December 16, 2011 § Leave a comment

[The scientist’s] aim is to find explanatory theories (if possible, true explanatory theories); that is to say, theories which describe certain structural properties of the world, and which permit us to deduce, with the help of initial conditions, the effects to be explained.

“Initial conditions” are singular statements that apply to a specific event in question. Combining these with universal laws produces predictions. Popper doesn’t require that every event can be deductively predicted from universal laws. But science has to search for such laws that causally explain events. Popper contends that while scientific laws are not verifiable, they are falsifiable.

One angle from which the primacy of falsification might be challenged is instrumentalism. Berkeley suggested abstract theories are instruments for the prediction of observable phenomena, and not genuine assertions about the world. The difference is that between “all models are wrong” and “all models are falsifiable”.

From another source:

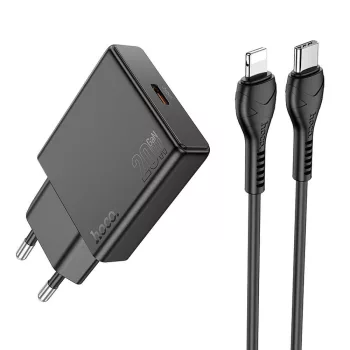   HOCO slim hálózati töltő Type C + kábel Type C to Lightning PD QC 30W N37, fekete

Popper rejects instrumentalism because everybody uses abstract properties in ordinary speech.

There is no sharp dividing line between an ’empirical language’ and a ‘theoretical language’: we are theorizing all the time, even when we make the most trivial singular statement.

We are always using models, so we’re always wrong. Personally, I can live with this. Under instrumentalism, the crucial question becomes “how wrong”. As long as measurements are taken to be real features of the world, the answer to this can be used in falsificationism.

But what if measurements are dependent on assumptions? This is an implication of conventionalism. Duhem held that universal laws are merely human conventions. Since measurements depend on these laws, a conventionalist might argue that theoretical systems are not only unverifiable but also unfalsifiable. Popper makes a value judgement against conventionalism, not because it’s demonstrably wrong but because it allows explaining away, rendering it useless for science. He quotes Joseph Black:

A nice adaptation of conditions will make almost any hypothesis agree with the phenomena. This will please the imagination but does not advance our knowledge.

Statistics makes such adaptation even easier: the phenomena were merely improbable. The rise of probabilistic models makes it even more valuable to guard against ad hoc adaptations.